Electroless Deposition of Aluminum from a Room Temperature Ionic Liquid Electrolyte

The development of the technology to produce the aluminum thin film and aluminum wiring with low cost has been earnestly desired. Such a technology has profound consequence across many electronic machinery industries including semiconductor, electronic circuit, etc. Since aluminum is quite less noble metal, it is impossible to obtain the electrodeposition from aqueous solution. On the other hand, we could developed aluminum deposition technology from the room temperature ionic liquid. Moreover, we developed first the revolutionary technique of the electroless deposition of aluminum based on using the ionic liquid as electrolyte. There are many use of aluminum thin films including aluminum wiring as stated above, but it is necessary to use large instruments such as sputtering and glow plasma methods in order to deposit aluminum on the insulating substrate of silicon and glass. If the technique of electroless deposition of aluminum is established, it will be able to obtain the thin and thick film coating on the substrates that are insulating material and have quite complicated structure, without electricity.

At our laboratory, electrodeposition of aluminum with the room temperature ionic liquid composed of aluminum chloride (AlCl₃) and 1-ethyl-3-methylimidazolium chloride (EMIC) have been developed. Therefore, the purpose of this study is to develop electroless deposition method of aluminum with room temperature ionic liquid. In this study, various substrates were attemted electroless deposition of aluminum and deposits were evaluated. In addition, the reaction mechanism of the aluminum electroless deposition was figured out by the electrochemical consideration.

First, LiH was added as the reducing agent into the AlCl₃-EMIC (2:1) melt. At the same time, various substrates (glass, silicon, etc.) were immersed in the electrolyte, then the electroless deposition of aluminum started.

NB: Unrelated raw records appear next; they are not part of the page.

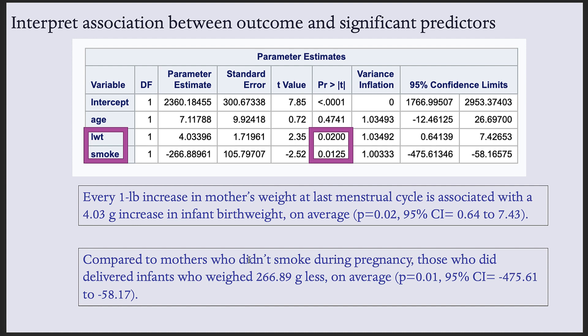So compared to mothers who didn't smoke during pregnancy, those who did, so that's the other category, delivered infants who weighed parameter estimate grams less, because it's negative, on average, and include the p-value and confidence interval.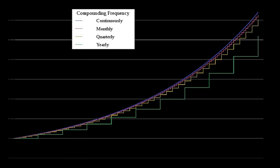Compound interest is the addition of interest to the principal sum of a loan or deposit, or in other words, interest on interest. It is the result of reinvesting interest rather than paying it out.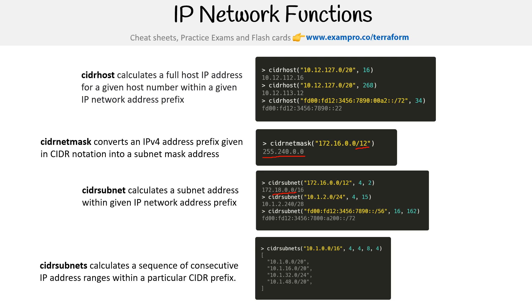cidrsubnets calculates a sequence of consecutive IP addresses within a particular CIDR prefix. So four, four, eight, four, and then you get those sizes there.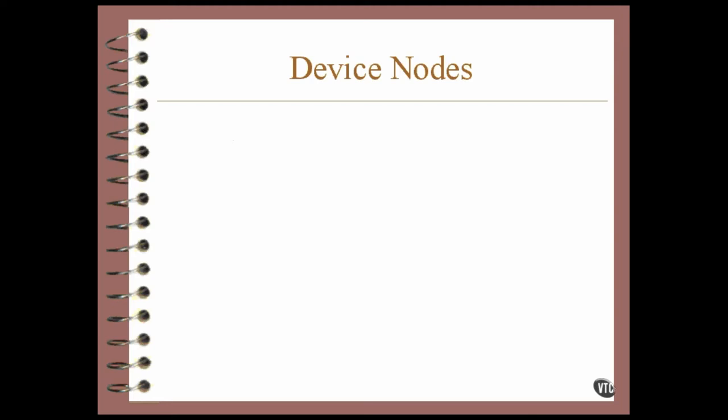This lesson is about the technique used by Linux to connect to devices such as disk drives. Each device and each file system connected to your Linux system is accessed through a device node in the DEV, also known as the dev, directory.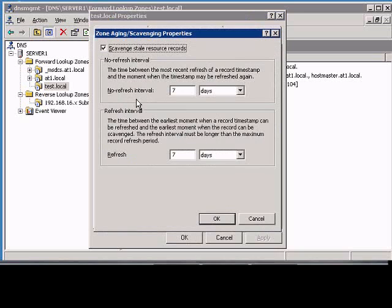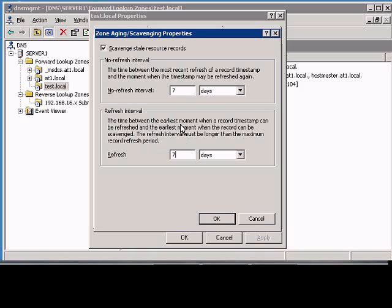If we check 'scavenge stale resource records,' then these numbers come into play as far as refresh intervals between the most recent refresh of the record timestamp. The refresh interval is the time between the earliest moment when the record timestamp can be refreshed, and the refresh interval must be longer than the maximum record refresh time.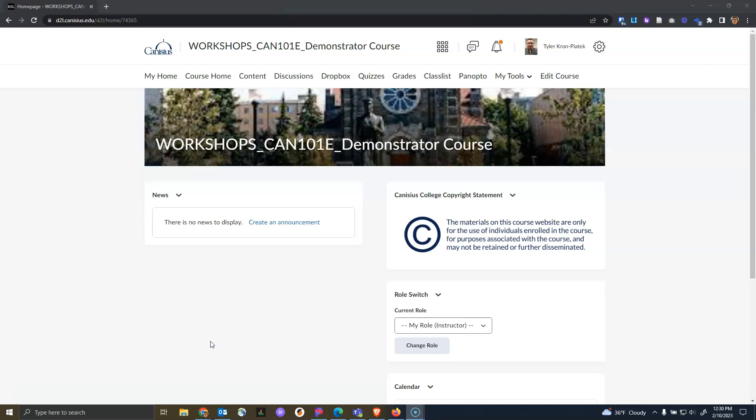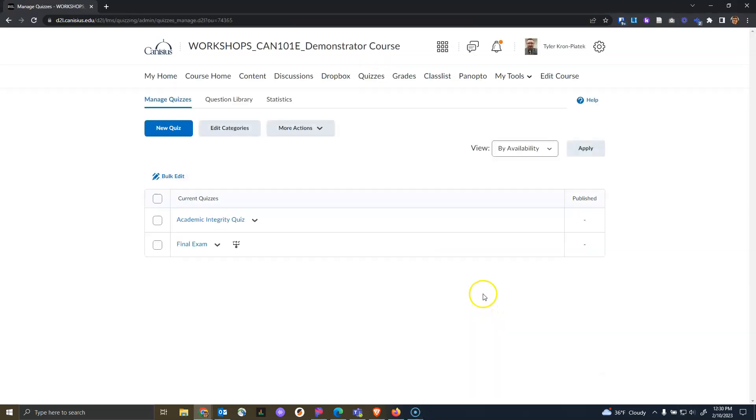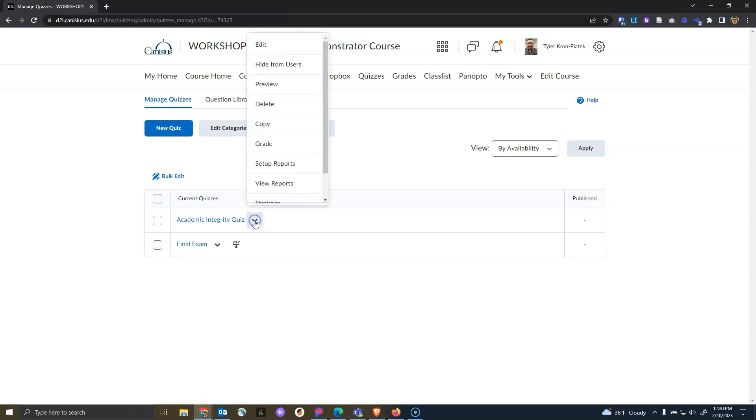To get started, go to the Quizzes tab in the Course Navbar. From there, click on the drop-down caret to the right of the quiz. In the menu that appears, click on Attempt Logs.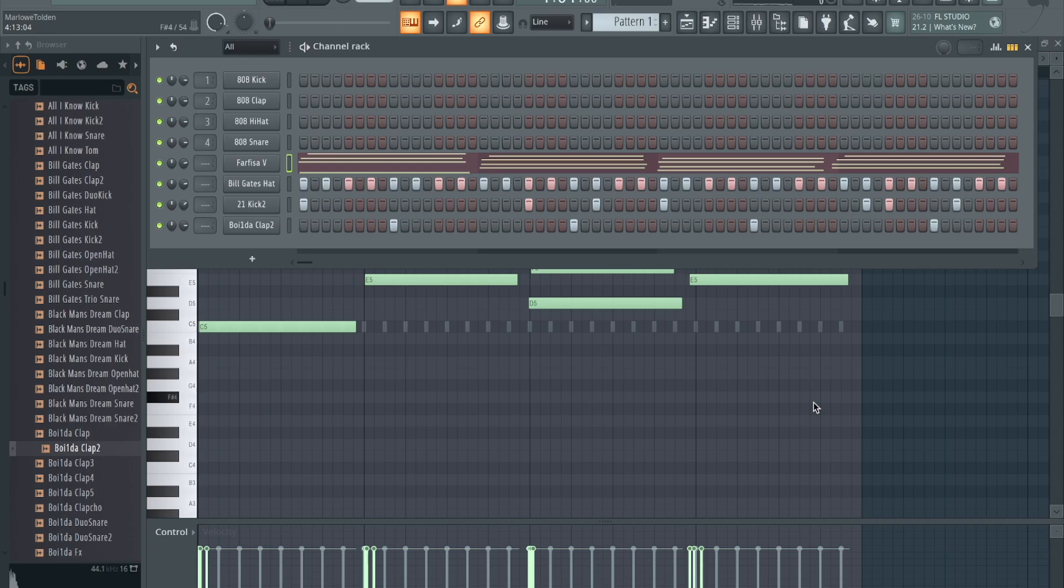So I cooked up this little beat just to show you guys some of the shortcuts that I use. Cooked it up already just to make the video run smoother. Go ahead and play it for you, let you guys check it out.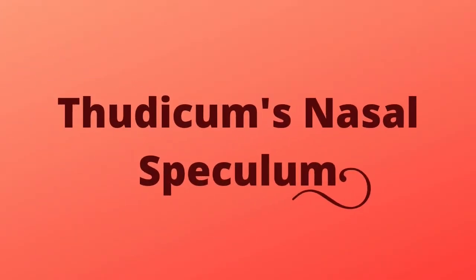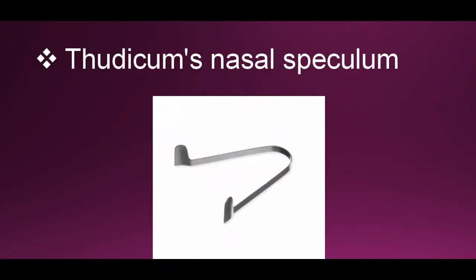Hello everyone, today I am going to teach you how to hold Thudicum's Nasal Speculum, its uses, and also its contraindications. So let's start. This is Thudicum's Nasal Speculum. There is a specific technique to hold this instrument during the examination of the patient.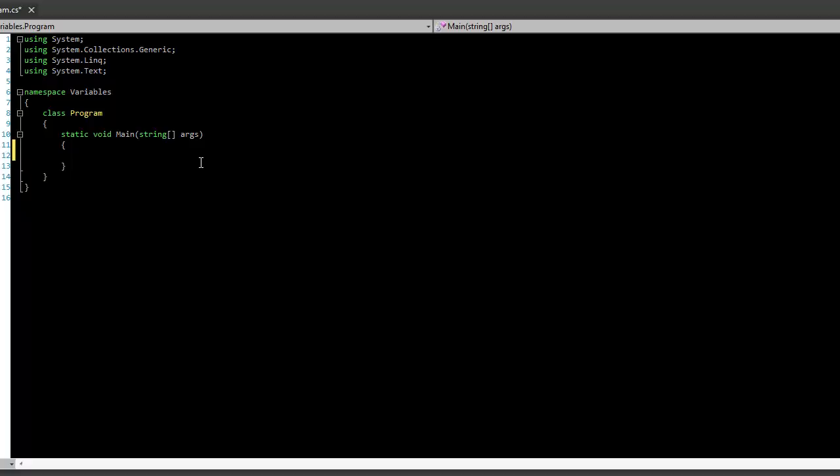What is going on everybody? Welcome to Episode 2 of C-Sharp for Beginners. In this episode, I am going to show you data types and how we use them.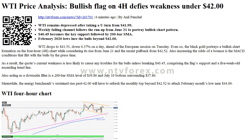Also increasing the odds of a bounce are the MACD conditions that flirt with the bulls at press time. As a result, the quote's current weakness is less likely to cause any troubles for the bulls unless breaking $40.45, comprising the flag support and a five-week-old ascending trend line. Also acting as a downside filter is a 200-bar SMA level of $39.86 and July 10 bottom surrounding $37.80.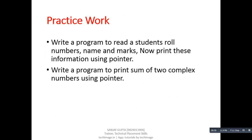Here are some programs to implement with pointer and structure: first, write a program to read a student's roll number, name, and marks, then print this information using a pointer — remember if you use a pointer you must use the arrow operator. Second, write a program to print the sum of two complex numbers using a pointer. Implement these programs so you can understand the relation between arrays, structures, and pointers. Thank you.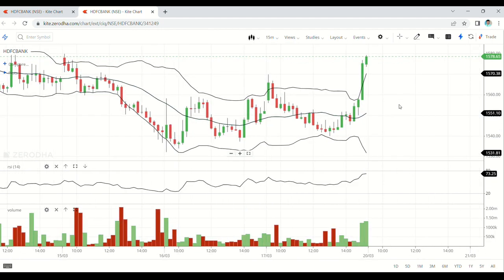One more important point: the same indicators are used for intraday, swing, and positional trading — no changes. In further classes I will make videos on RSI, Bollinger Bands, Simple Moving Average, and Volume. Practice 100 charts a day — every chart will speak, every candle will speak, every indicator will speak. You just need to learn the language of the market. Keep on learning because learning never ends.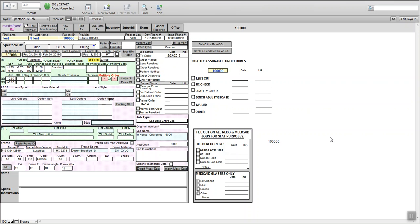Now we're going to do a VSP line bifocal. The patient has choice plan so we know what their benefits are.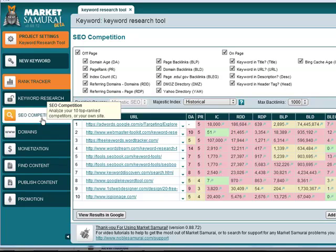The free Google AdWords keyword tool is very limited in what it can tell you and it just doesn't cut it. If you are a serious player in search marketing, then you have to get an advanced keyword research tool. There are lots out there on the market, but for me, Market Samurai is the best that I've used. It's what I use and it's what I recommend to other people.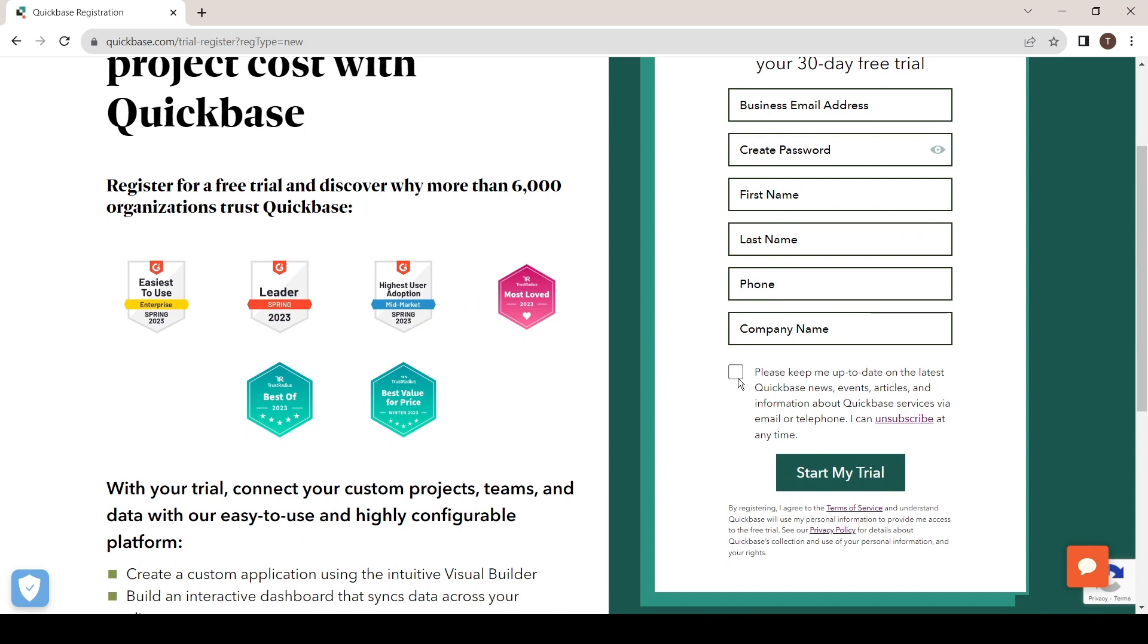After that, if you wish to receive any emails or updates from Quickbase, select this and click on start my trial.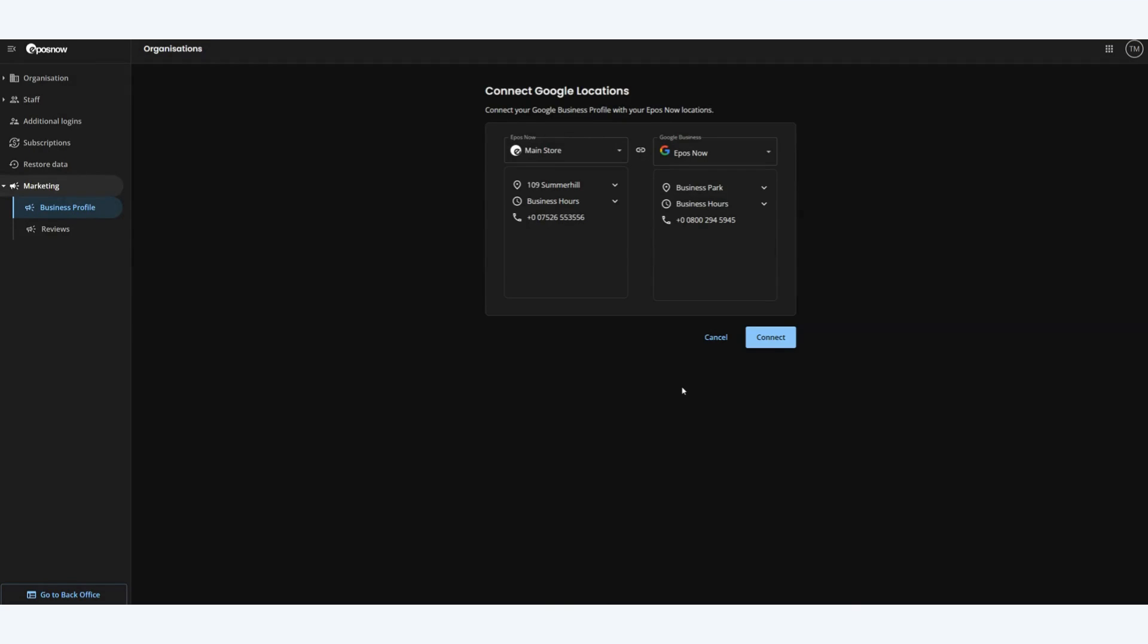Once connected we now need to select the ePosNow location that this Google profile is relevant to. Let's click on the drop down and select our correct location.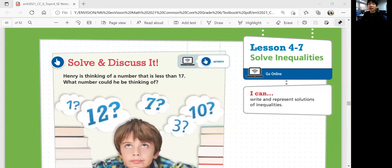Hello, this is Math 6 Lesson 4-7, Solve Inequalities. In this lesson, we'll be able to write and represent solutions of inequalities.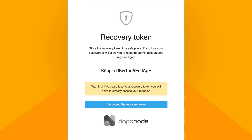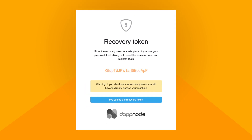After setting this user up, you'll receive a recovery token. This token is the second credential we'll go through today, and you'll need to use it in case you lose your user's credentials. Keep it safely stored.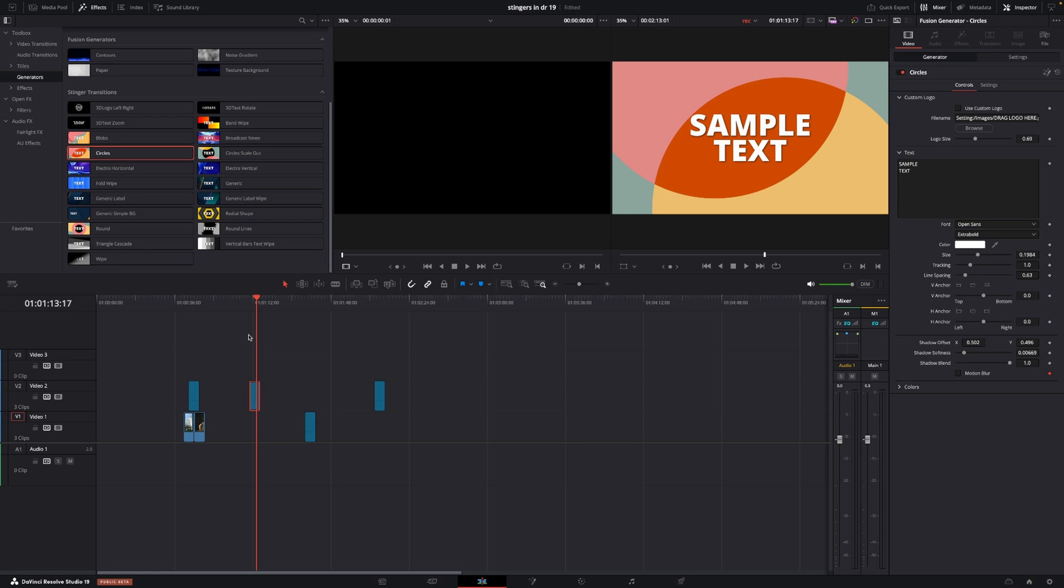Again, nice that they put these into DaVinci Resolve if you are in need of using them. So this was just a super quick look at the stinger transitions inside of DaVinci Resolve 19 in the public beta version 6. And I had no problems updating, so I think it should be safe to do so.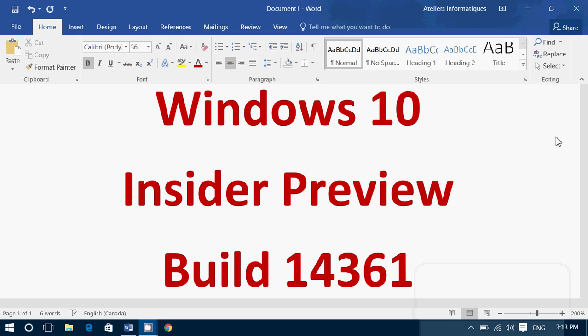Welcome to this Windows channel and this is a quick video if you're an insider for Windows 10.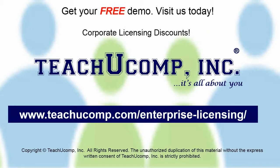Need computer training for a group or office? Contact us today to get a free demo of our training at www.teachucomp.com forward slash enterprise dash licensing.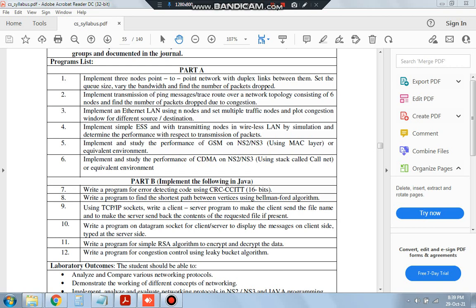Hello everyone, today in this video we will be discussing the 10th lab program which is to write a program on datagram socket for client-server to display the messages on the client side typed at the server side.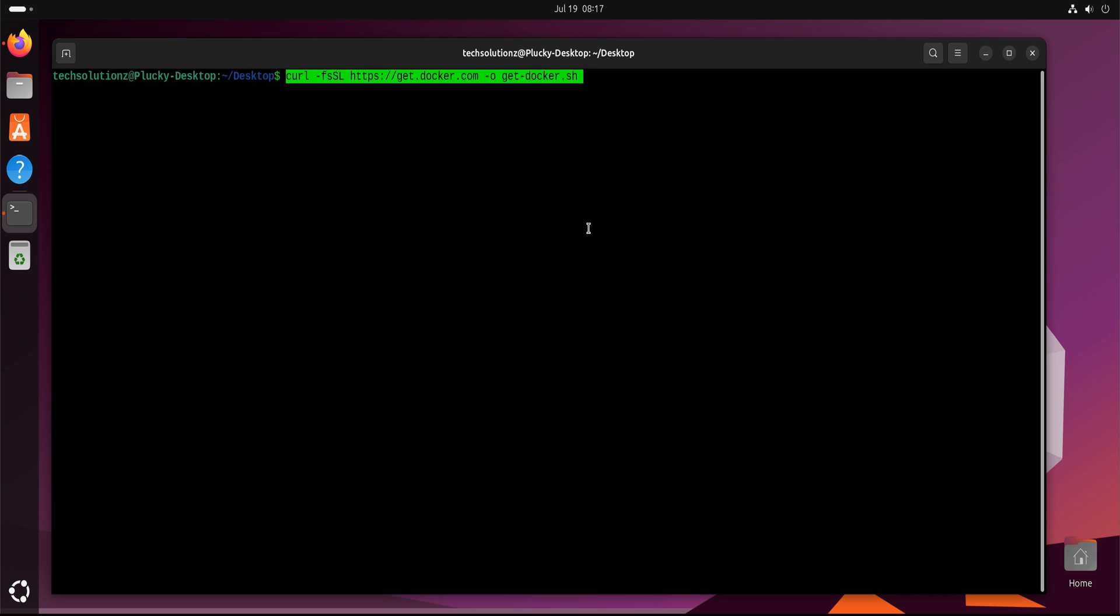Once that's in place, we'll run the script. It will automatically install the Docker engine, CLI, and everything else needed. This process only takes a few seconds, and once complete, you'll see version details confirming that Docker is installed.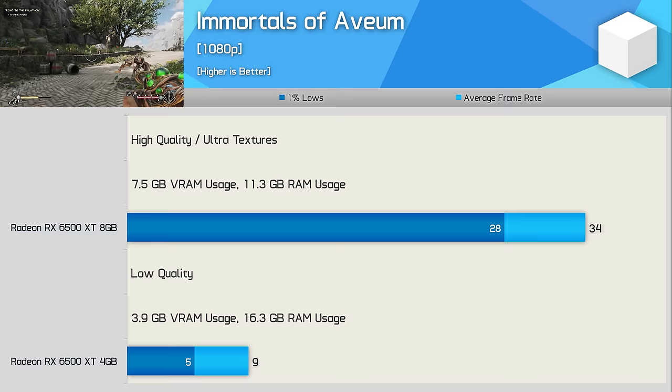Skull and Bones is another recent purchase of mine so for this one I'll be using the built-in benchmark at least for now. With the low quality settings enabled the 8GB model was 11% faster on average and 26% faster when comparing 1% lows as the game used up to 5.1GB of VRAM. But if we increase the environment details from low to ultra high VRAM usage increases to 7.2GB on the 8GB model and this gives it an almost 30% performance advantage when comparing the average frame rate. This means for a similar level of performance the 8GB model can run the environment details setting maxed out while the 4GB model is limited to the lower setting.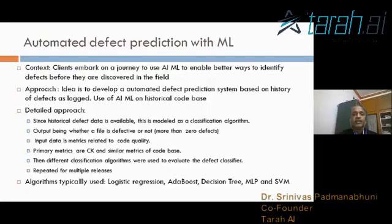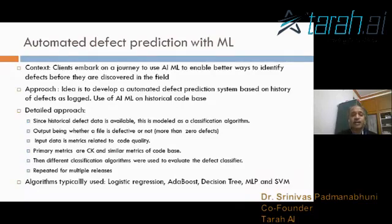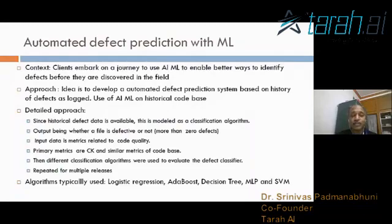This is slightly related to both testing and long-term maintenance. It's about using AI/ML to improve program quality through automated defect prediction. We feed data from the code by running code quality tools like CK metrics or PMD tools, take those metrics as inputs, and the output indicates whether there's a potential defect in a release or not.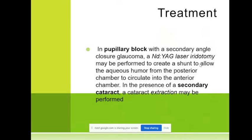The fluid passes not through the pupil but through these holes we make in the iris. It creates a shunt to allow aqueous humor to pass from the posterior to the anterior chamber. If we also have a cataract, we extract it and implant an artificial intraocular lens.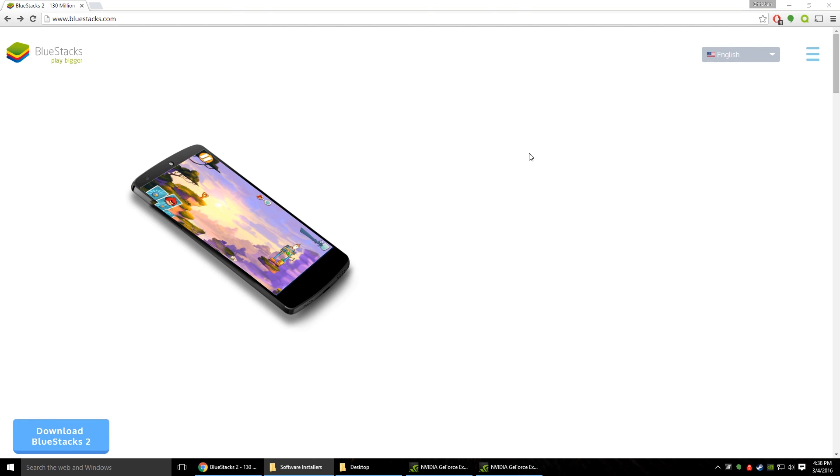Hey guys, Christian from The Hardware Junkies here. Today I'm going to be showing you how to install Snapchat on your Windows PC. Now it's a little bit more difficult than just simply downloading an app to your iOS or Android device, however it's not that big of a deal.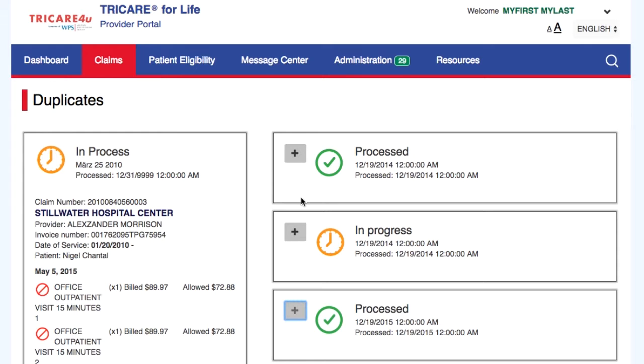We have reached the end of this Duplicate Claims tutorial. We hope the information we provided was helpful. Have a great day!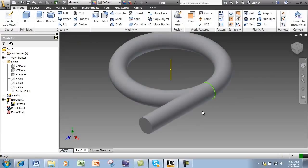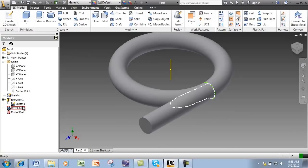The shared sketch now appears in the browser and a link to it will be displayed under each feature that uses it.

The plated specimen was qualitatively identified by X-ray diffractmeter and its composition was determined by inductively coupled plasma atomic emission spectrometry. The observed diffraction peaks of the plated film agreed with those of aluminum in the literatures. The data from ICP measurement also showed that the purity of the deposited aluminum was more than 99%. These indicated that the deposited film from the electrolyte with LiH was aluminum. The elemental mapping result by SEM-EDX also indicated that the plating film consisted of aluminum only, and the aluminum was homogeneously distributed on the surface of the film.

Next, the mechanism of the aluminum electroless plating was tried to find out. The change of the ionic apecies was analyzed by using laser Raman spectrophotometer. It suggested that Al₂Cl₇^-, which is ionic species for aluminum deposition in the acidic AlCl₃-EMIC melt, had such a reaction shown below and the aluminum was deposited from the electrolyte.

4Al₂Cl₇^- + 3e- → 7AlCl₄^-+ Al (1)

It was also considered that the reducing agent, LiH, had a reaction indicated below in order to cause the reaction (1).

LiH → Li⁺ + 1/2H₂+ e- (2)

Hydride composits such as LiH are good reducing agent, however, those also have some dangerous of explosion. We tried to find other reducing agent instead of hydride.

In this meeting, we will show the results of electroless deposition of aluminum from room temperature ionic liquid with other reducing agents.